Some of those stories would have been handed down in folklore, father-to-son, had demotion and the spectre of hooliganism not so radically affected crowds everywhere. A generation that had grown up watching Europe’s best sides being tormented in front of the Scratching Shed were now eerily absent and, as teenagers, many of us new supporters had only the present Leeds to take in. This meant that while the odd attractive derby or battle with one of the league leaders could still draw a suitably decent crowd, many games took place in a half full or less stadium, with the TV gantries that were once almost permanently occupied becoming ghostly relics.
Gray succeeded Allan Clarke (and was ultimately succeeded in turn by Billy Bremner) following a relegation stemming from an on-field malaise that began after Jimmy Armfield was sent packing in 1978. The widely received wisdom after Revie left was to hand the baton, in boot room style, to Johnny Giles, but Brian Clough’s wrecking ball approach necessitated Armfield’s calming presence instead. As he replaced the old guard their replacements were usually inferior. Gray and a few others remained, but his former comrades mostly drifted away.

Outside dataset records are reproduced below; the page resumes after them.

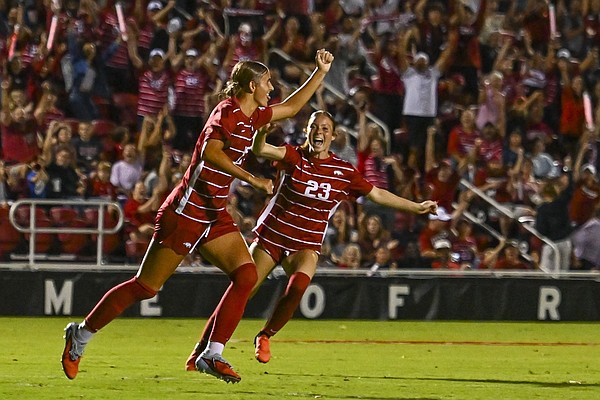 Arkansas soccer opens SEC play with marquee win over No. 19 Texas
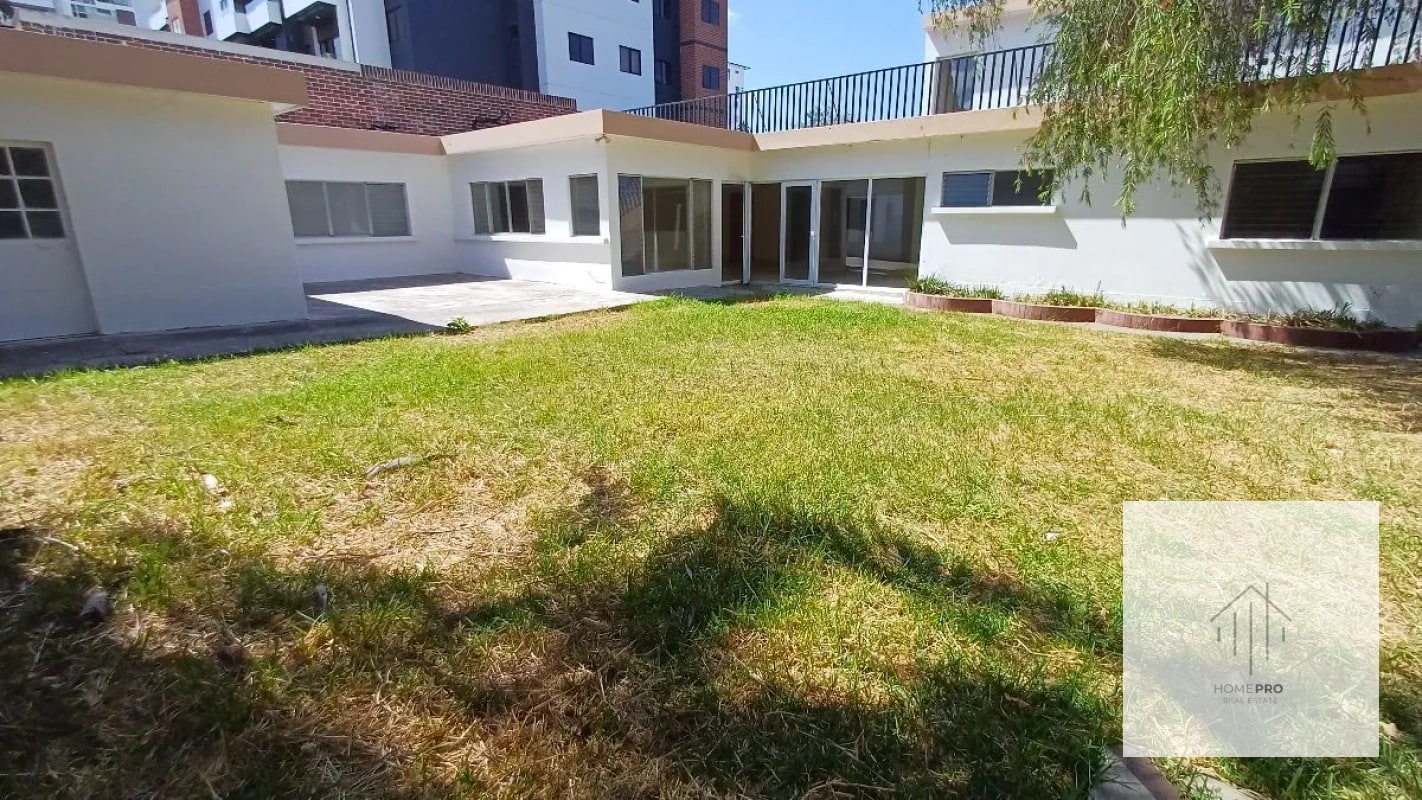 Casa Comercial en Renta en Zona 15 - 13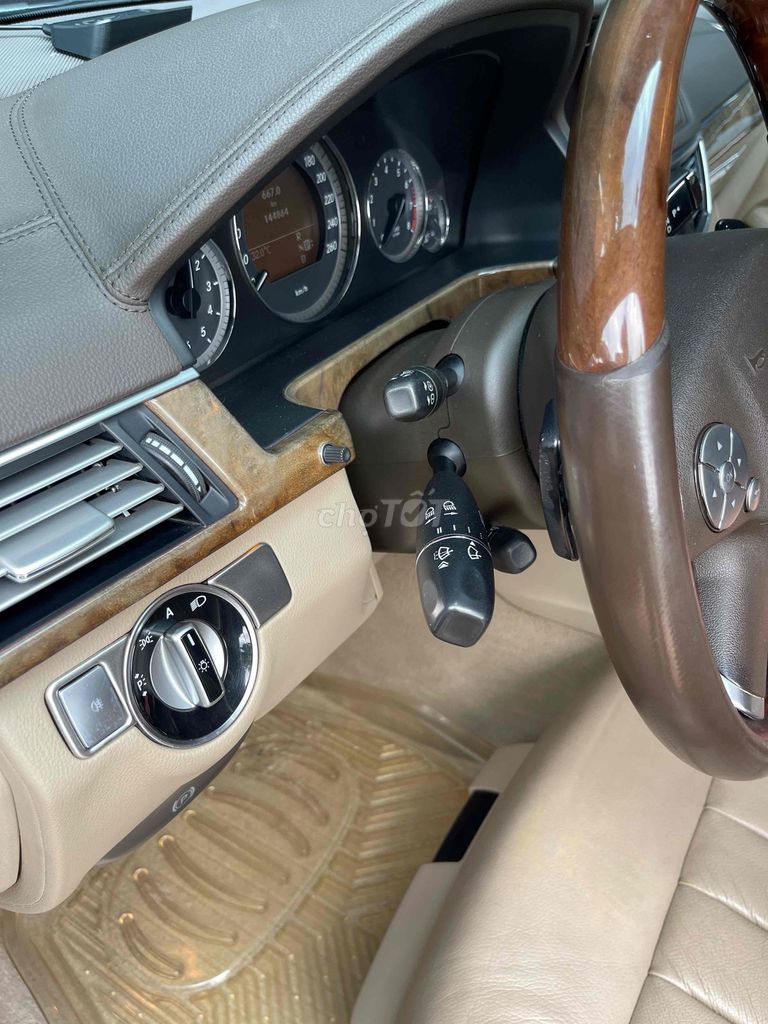 Mercedes Benz E Class 2010 E300 - 123456 km. Mua bán Ô tô tại Quận Ninh Kiều Cần Thơ được đăng bởi Minh Hải Đăng hình 5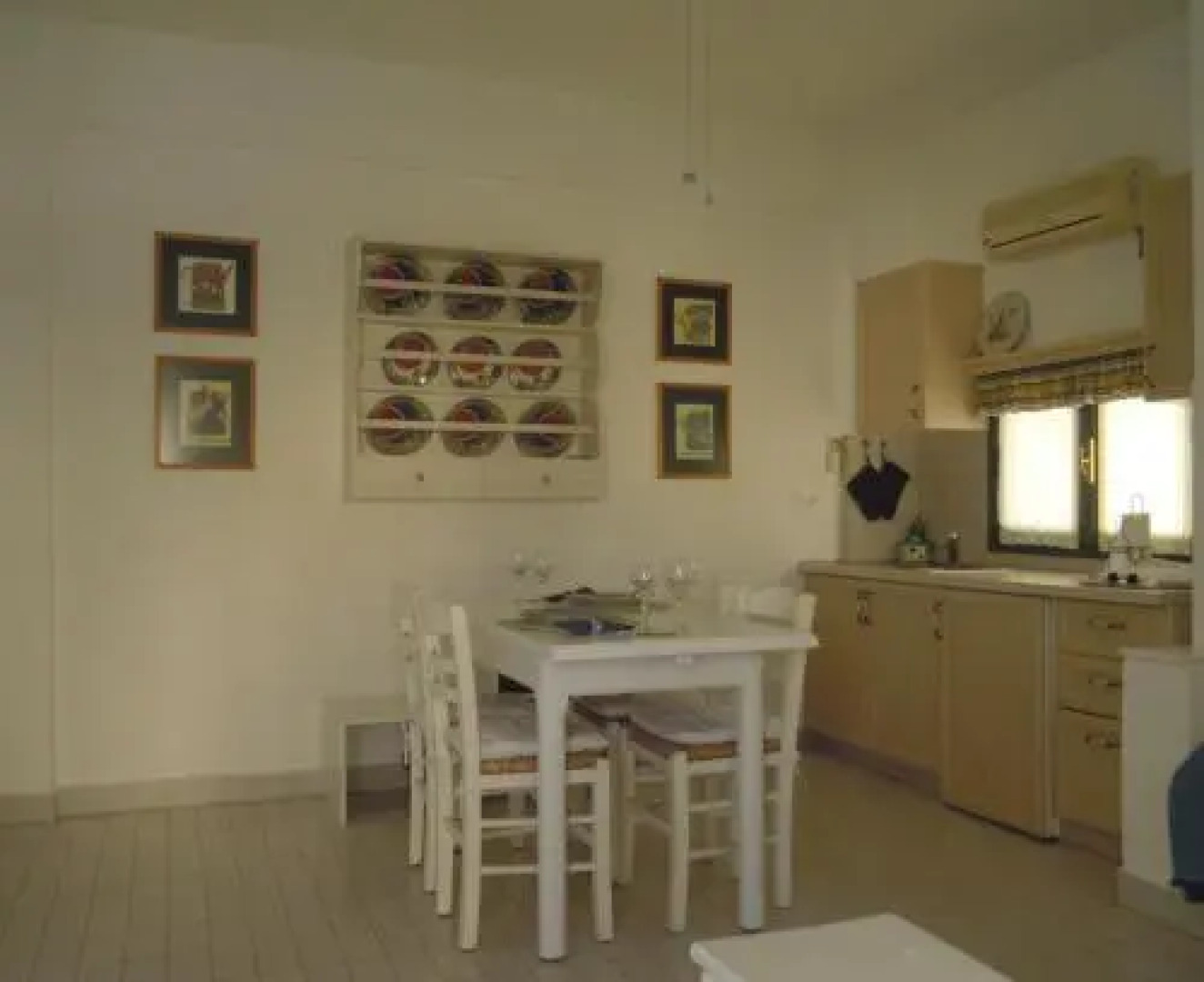 Palemilos Apartments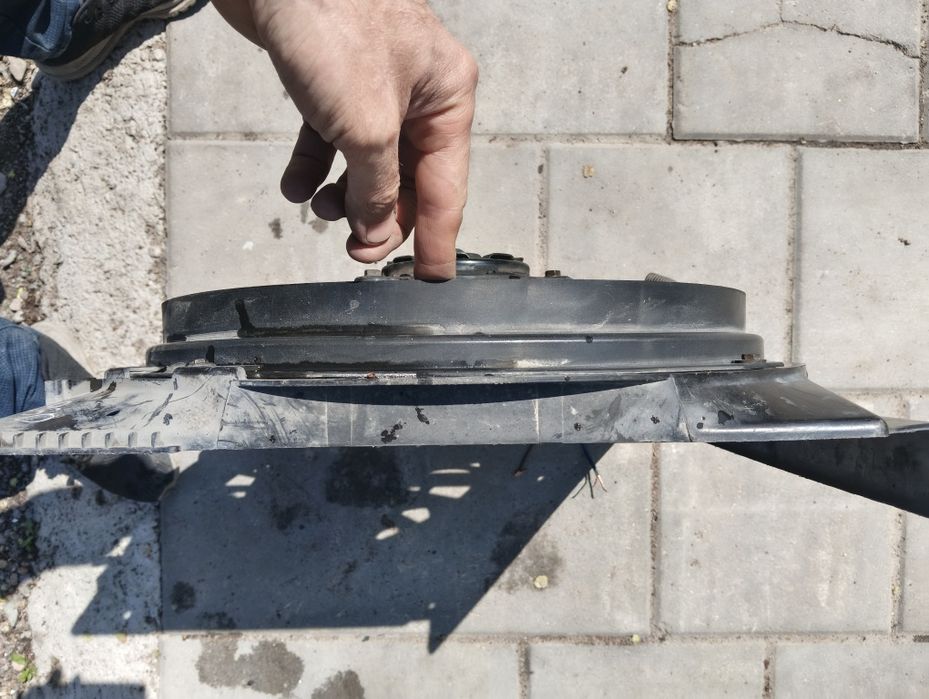 Вентилятор охлаждения БМВ е34 и е39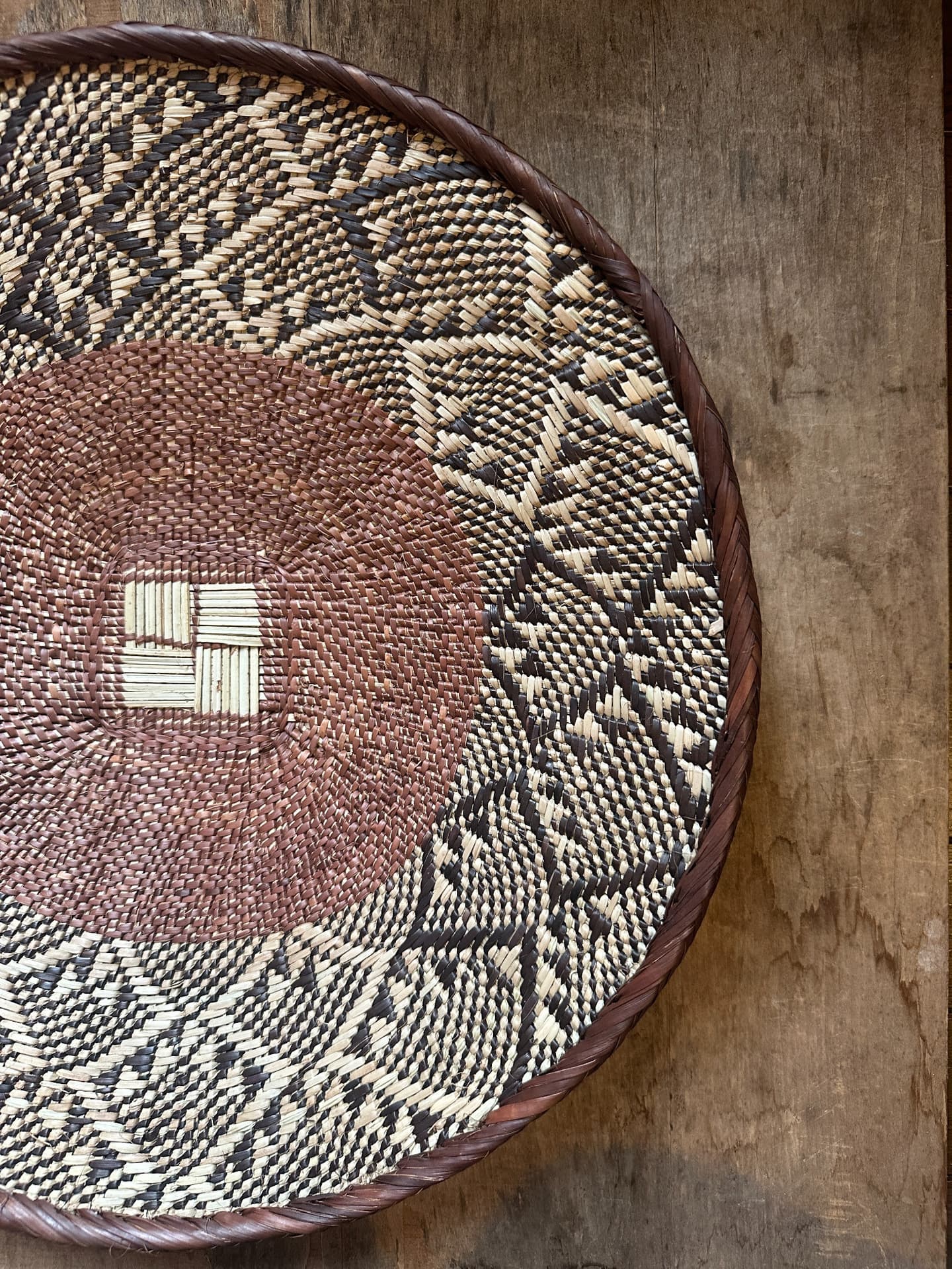 アフリカンバスケット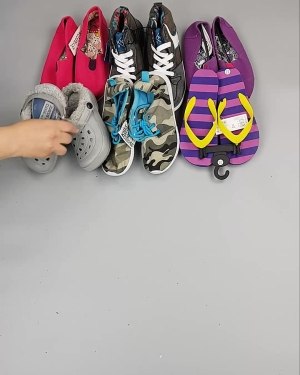 Фотография  526 - Обувь детская СТОК Summer#6,3 кг, ЛОТ №6198 оптом в Анадыри и Чукотском АО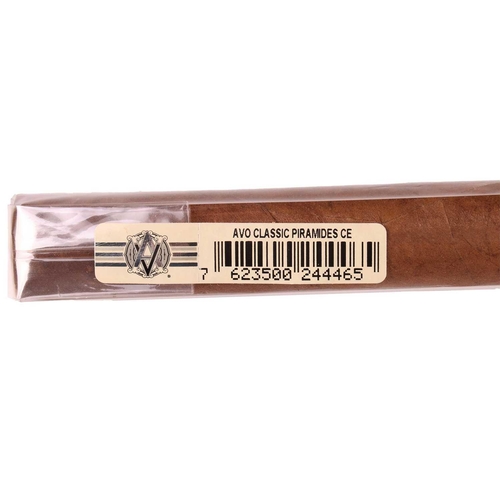 110 - Thirty-Nine Avo Classic Piramides Single Cigars, loose in cellophane Qty: (39) Deceased estate. From... 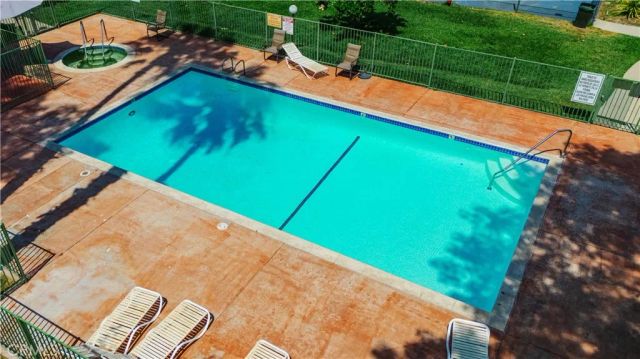 8851 Independence Avenue APT 33, Los Angeles, CA 91304
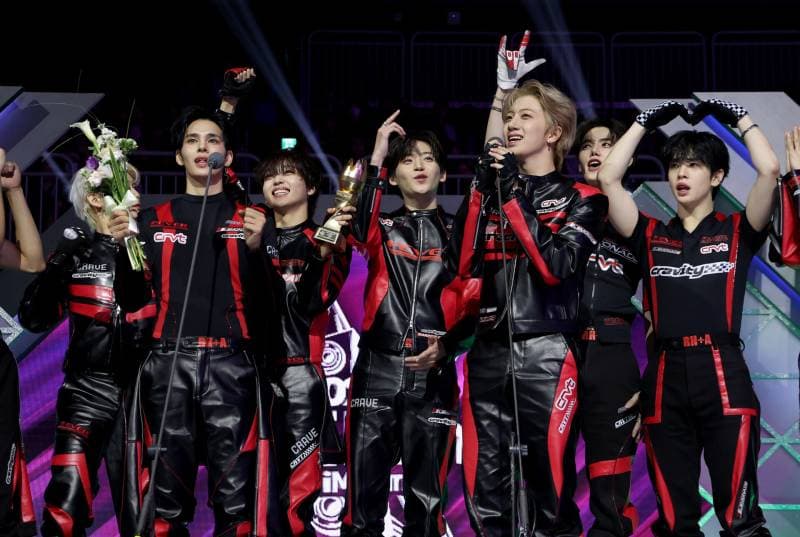 크래비티, 11월 7~8일 ‘2026 KGMA’ 첫날 출격…지난해 ‘베스트 아티스트 10’·‘베스트 스테이지’ 2관왕 이어 미니 9집 ‘소노로스’ 타이틀곡 ‘라우더’로 퍼포먼스상 정조준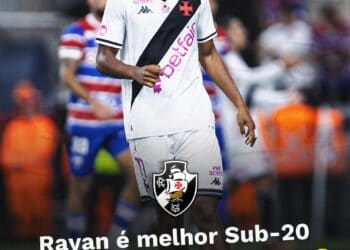 Banguês jogando futebol com uniforme do Vasco da Gama.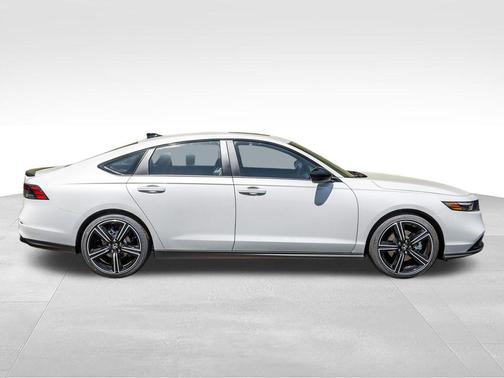 Platinum White Pearl 2026 Honda Accord Hybrid Sport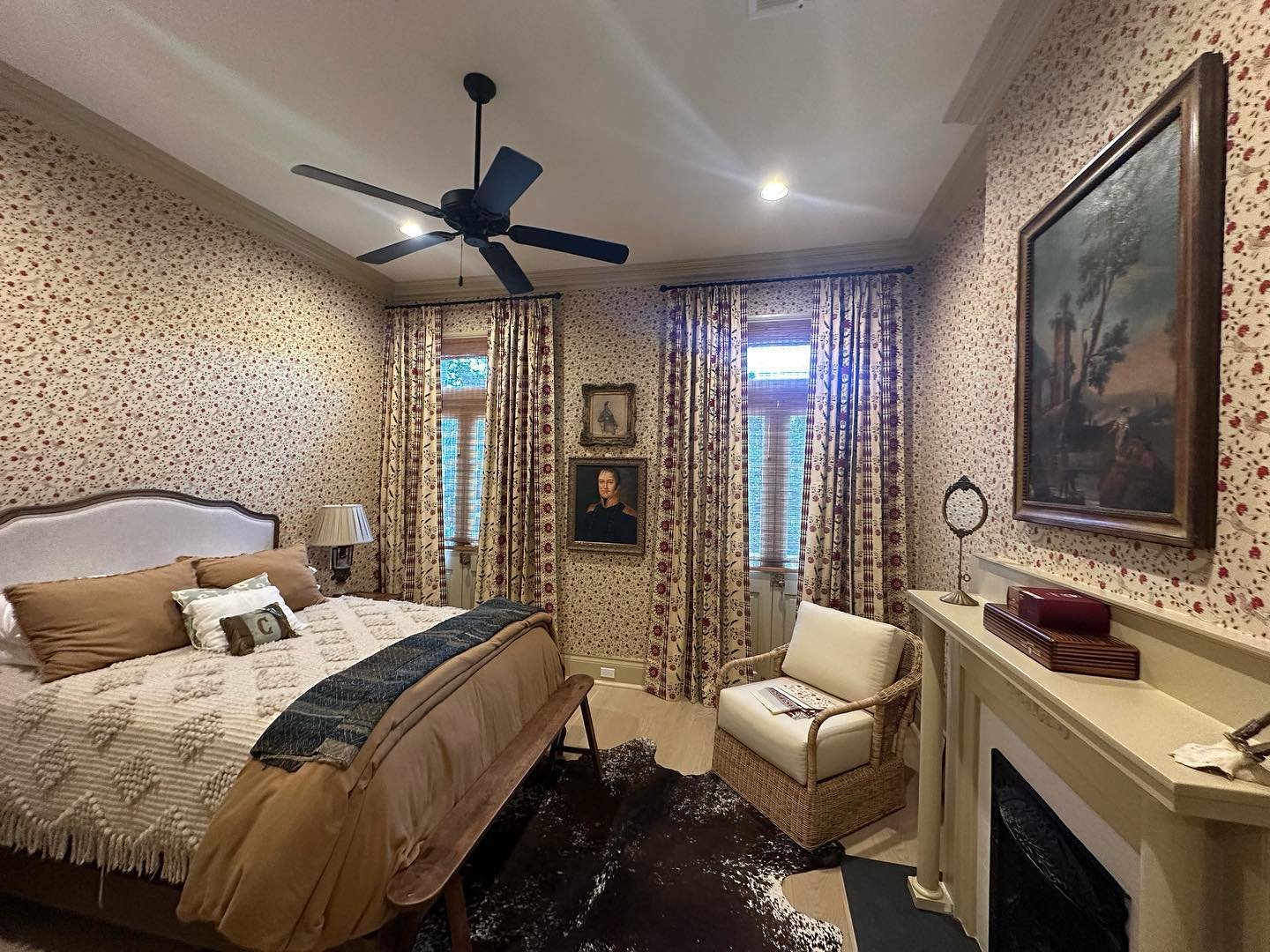 When your client is an interior designer for their client who is an interior designer, things just hit a little differently. Drapery and art installation. 
.
.
.
#interiordesign #interiordecorating #wallcovering #wallpaper #drapery #art #installation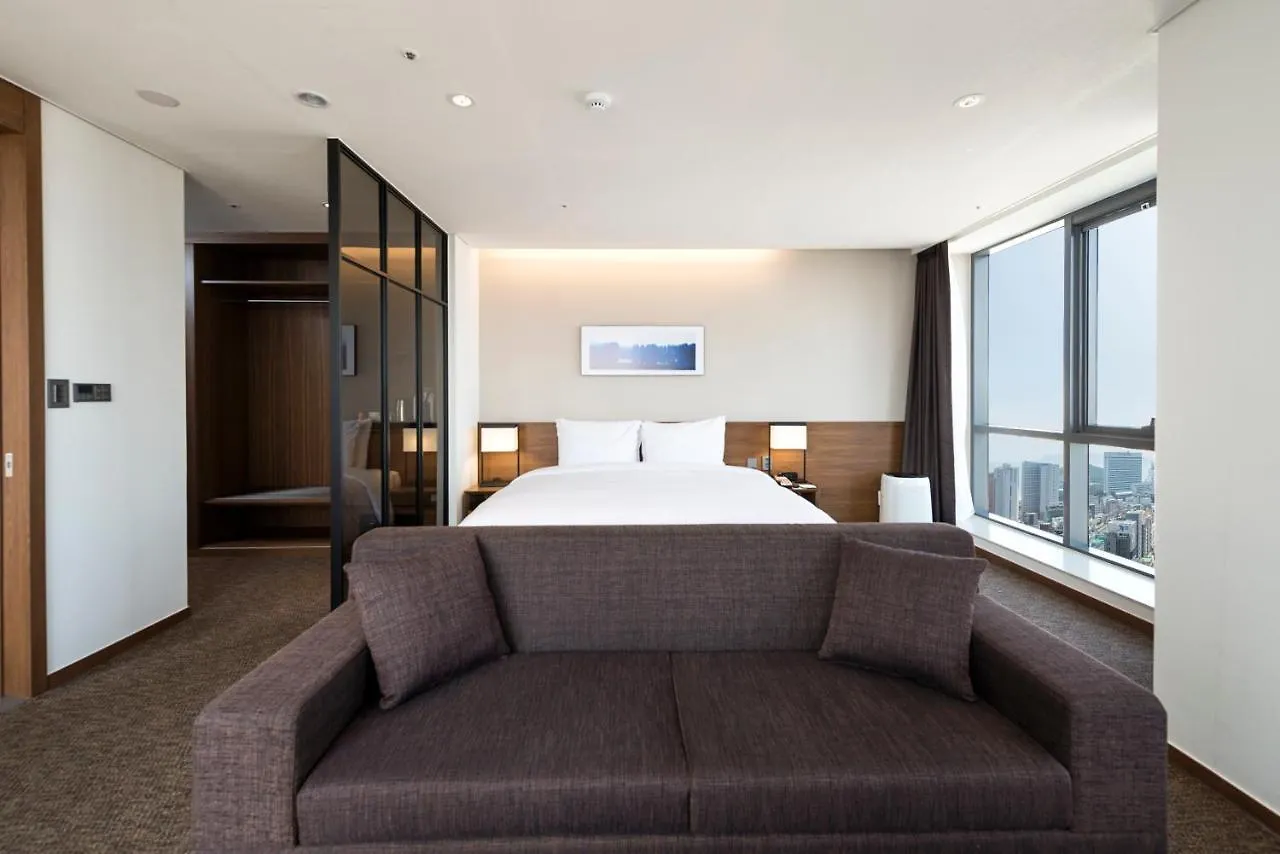 Ramada Encore By Wyndham Busan Haeundae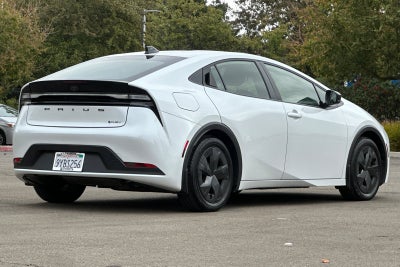 2026 Toyota Prius Plug-In Hybrid SE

By 1982 a steep decline in attendances ensured the club’s problems weren’t merely in personnel, but also financial. Gray accepted the job of player-manager – there were no directors of football then – on the chairman’s proviso that he would need to rebuild the playing staff using what he could glean from a youth set up that had already yielded the likes of Aidan Butterworth and Terry Connor. In an era long before parachute payments, the wage bill remained eye-wateringly high.
As well as transforming the squad, while it was also optional, Eddie deemed it necessary to dispense with the defensive brand of football that Clarke had employed — only three sides had scored fewer goals and two of those had finished below his in the table. This more attacking philosophy resulted in newspaper headlines lauding Leeds as ‘the entertainers’ after his first game in charge at Grimsby’s Blundell Park, but the outcome was a 1-1 draw. And with debts rumoured to be nearing £2m, useful experience and firepower in Frank Worthington, Peter Barnes, and ultimately Connor was either loaned or sold over the following eight months.
As promised the team sheet filled with the names of younger players. Mercurial cult hero to be, John Sheridan, made his debut in late 1982, while as time went on and budgets shrunk even further the likes of Denis Irwin, Scott Sellars, and Tommy Wright all joined him, followed by Terry Phelan and Peter Swan. Gray himself, meanwhile, generally resisted the temptation to let his boots do the talking, and in May 1984 announced his playing retirement, fittingly scoring the winner in his final game against Charlton.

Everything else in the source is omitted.